The 2019 Inria-French Academy of Sciences-Dassault Systèmes Innovation Prize : scikit-learn , a success story for machine learning free software

Date :
Changed on 16/01/2020
With 1,400 contributors across the globe, 42 million visits in 2018, and the achievement of being the third most used free software for machine learning in the world, scikit-learn has been a huge success, as evidenced by the existence of a consortium of user companies set up to fund its development. The five Inria researchers that form the very heart of the team and who have been running it for years have been awarded the Inria-French Academy of Sciences-Dassault Systèmes Innovation Prize.

Machine learning, or statistical learning, is used in artificial intelligence to enable computers to “learn” based on data which they analyse in order to devise predictive laws, without any prior programming being required. It has a varied range of applications, including recommending products on Amazon, medical diagnoses, neuroscience, insurance, driverless vehicles, etc.

An alternative to a data scientist shortage

The scikit-learn free software, which has been supported by Inria for ten years, is specifically dedicated to statistical learning. Its design puts it in reach of a vast range of users, and not only experts in the field, or data scientists. “It is written in Python programming language, which is used universally on the web. It is very simple to start using, very well documented and illustrated with hundreds of examples. It can be used on any subject”, explains Gaël Varoquaux, project manager. “In other words, it democratises statistical learning.”  
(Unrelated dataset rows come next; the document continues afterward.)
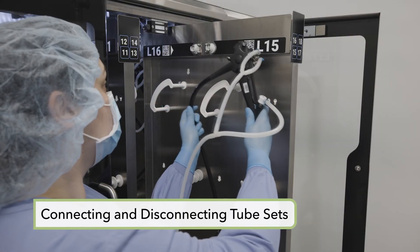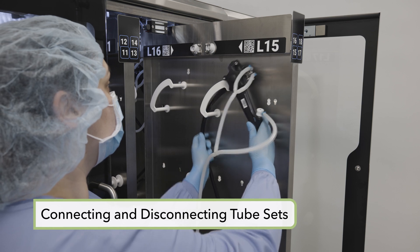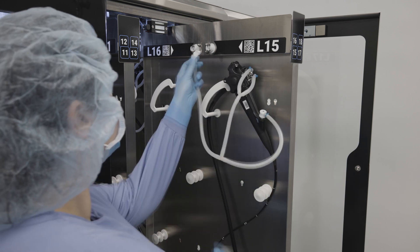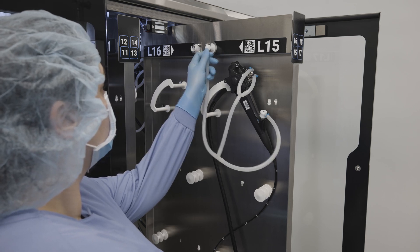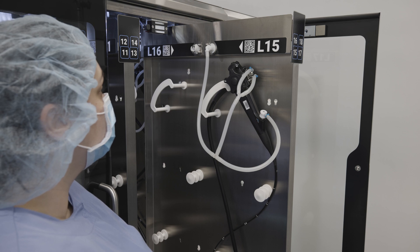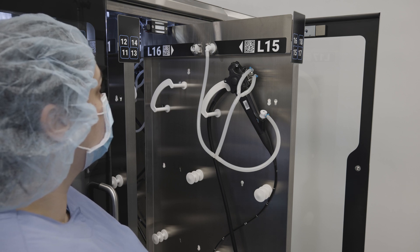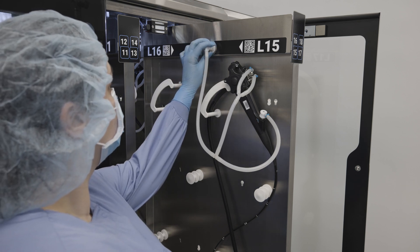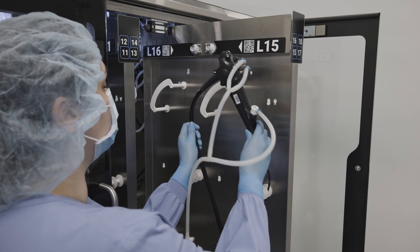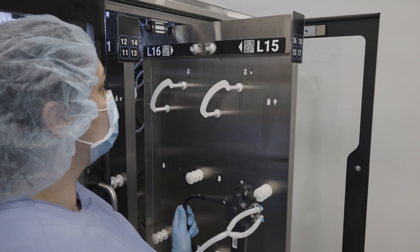To connect the tube set, first attach it to the relevant endoscope ports and connectors, then place the endoscope on its hanger. Second, plug the tube set into the cabinet purging system manifold on the storage panel; a click will be heard indicating a correct connection. To disconnect the tube set, press the metal tab on the manifold connector to release it, then remove the endoscope from the cabinet and then the tube set.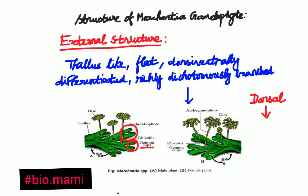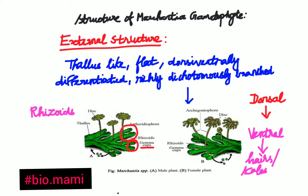Now moving to the ventral surface — the ventral surface bears numerous multicellular hairs or scales, which prevent the thallus from desiccation or drying. We can also observe rhizoids on the ventral surface. Rhizoids are attached to the thallus and help in attachment to the substratum to absorb water and solutes from the soil.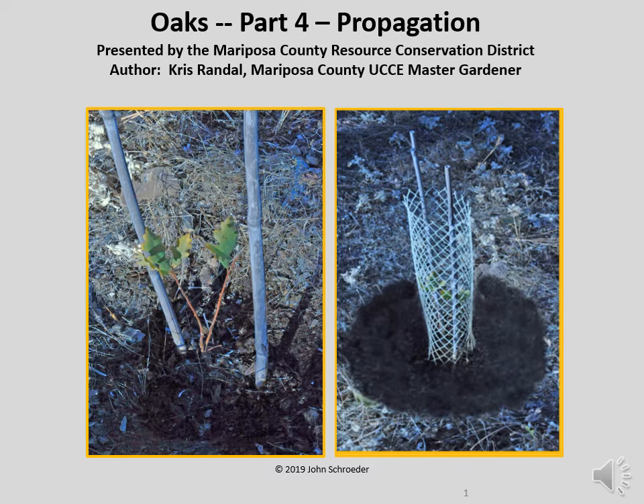Hello, my name is Jim McKenzie and I work for the Mariposa County Resource Conservation District. This is the fourth video in our series on managing oaks. It documents a few simple steps for landowners to follow if they want to propagate oak trees on their property.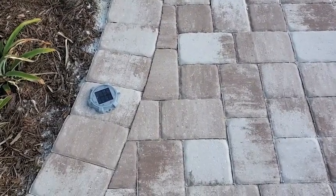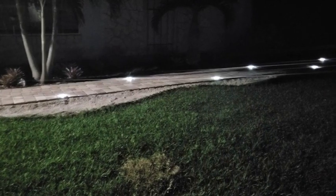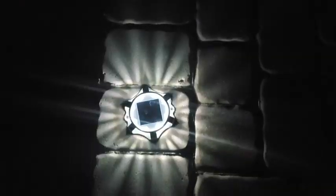I really like the way that these light up the sidewalk at night. There is no chance of a tripping hazard — you can perfectly see where you're walking. It takes about five hours to charge during the day, but it provides 15 hours of bright light at night.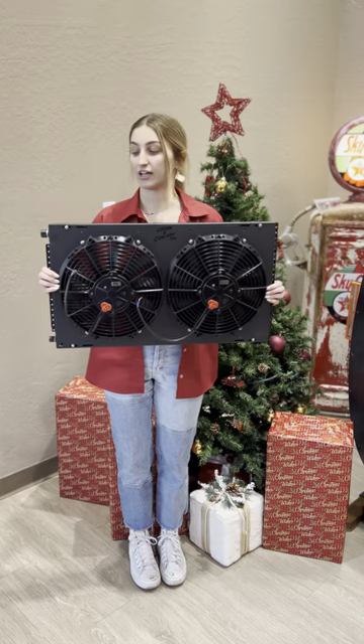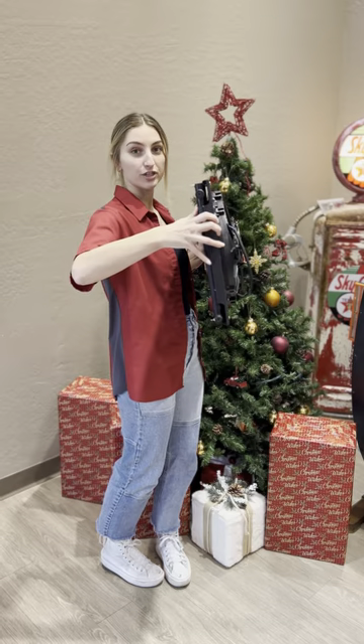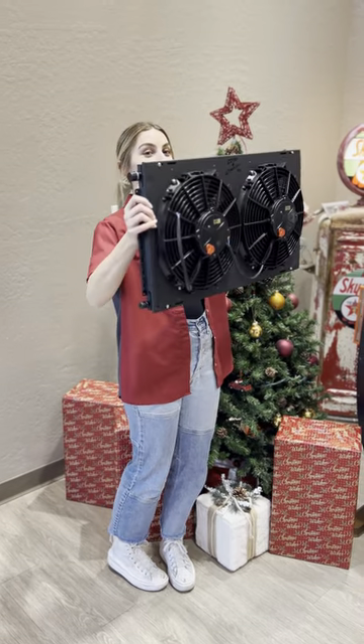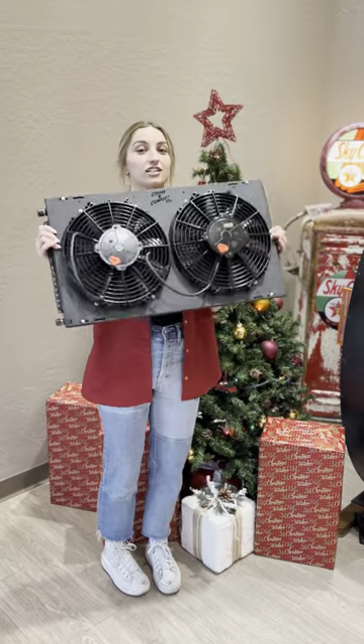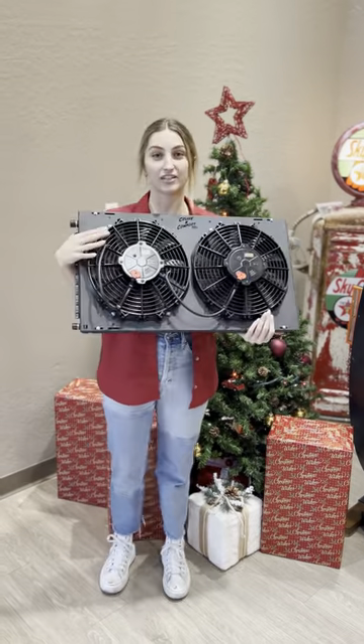So I'm going to talk about how we mount it. You can mount it wherever you want, as long as this bigger port is above the smaller port down here. It can go like this, it can go like this, it can go like this — as long as we have about 5 inches for air to go in here and then exit out this fan side.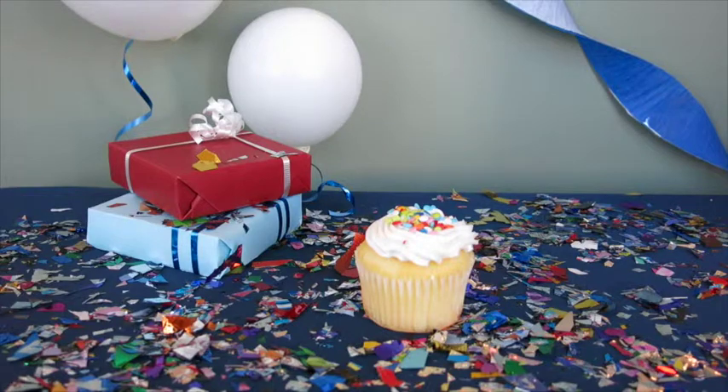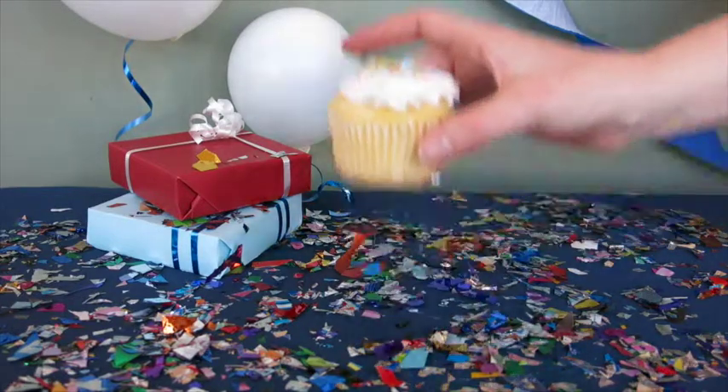Want to create happy birthday buttons for your next birthday bash? Here's a few ideas to get you started.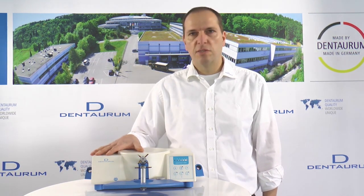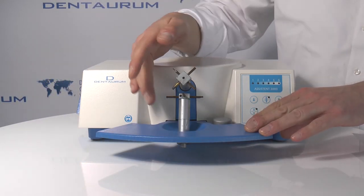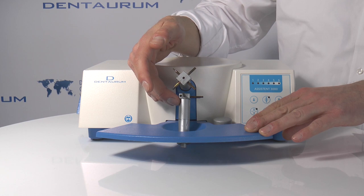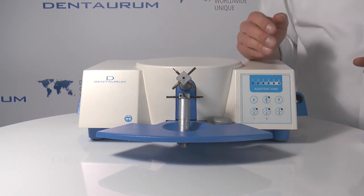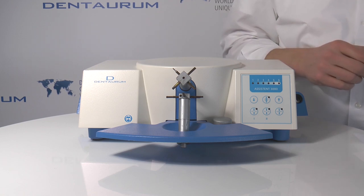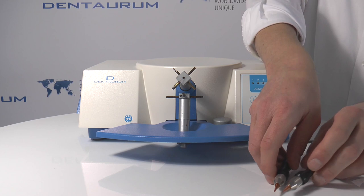So let's have a look at the Assistant. These are the upper and lower clickstop electrode holders you normally use for welding or soldering on the unit. As an alternative you can also use hand electrodes.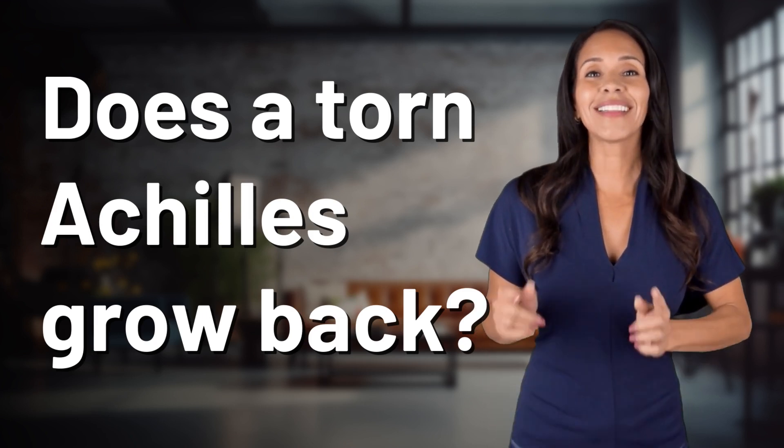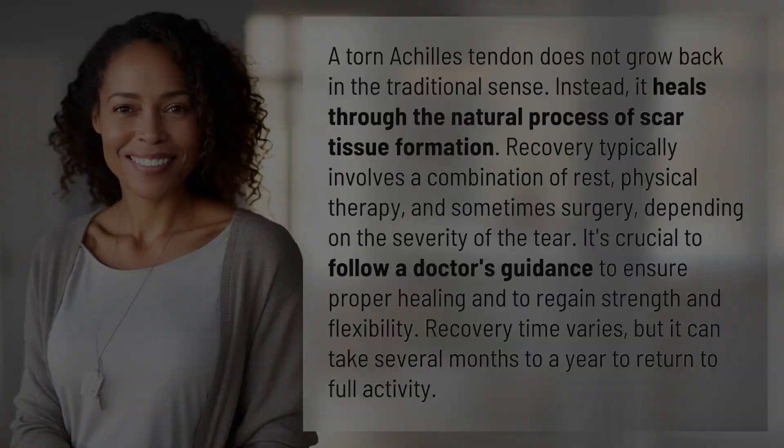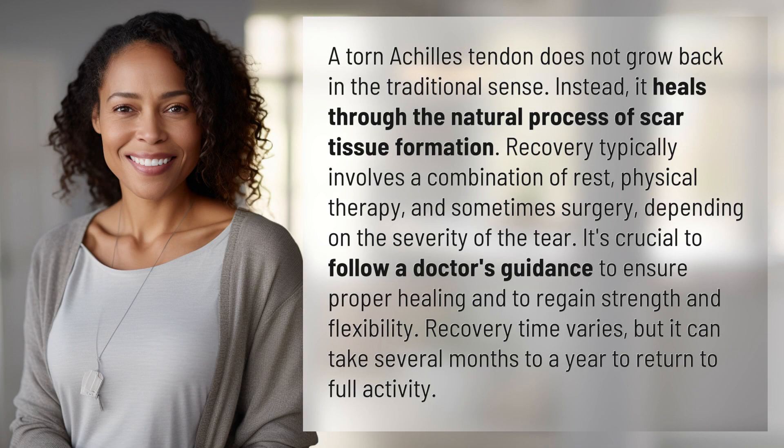Bringing you info at the speed of now — what's today's instant insight? A torn Achilles tendon does not grow back in the traditional sense. Instead, it heals through the natural process of scar tissue formation.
The 38 year-old researcher first became involved in the scikit-learn adventure in 2009, joining as a community coordinator and developer. He is currently overseeing the work carried out by the seven-company consortium (which includes Microsoft, Intel, AXA and BNP Paribas) that was set up in 2018 to fund development of the software. His name and his face are known to thousands of data scientists (he speaks in online videos), to such an extent that he is sometimes cornered on the metro by people seeking answers to highly specialist technical questions.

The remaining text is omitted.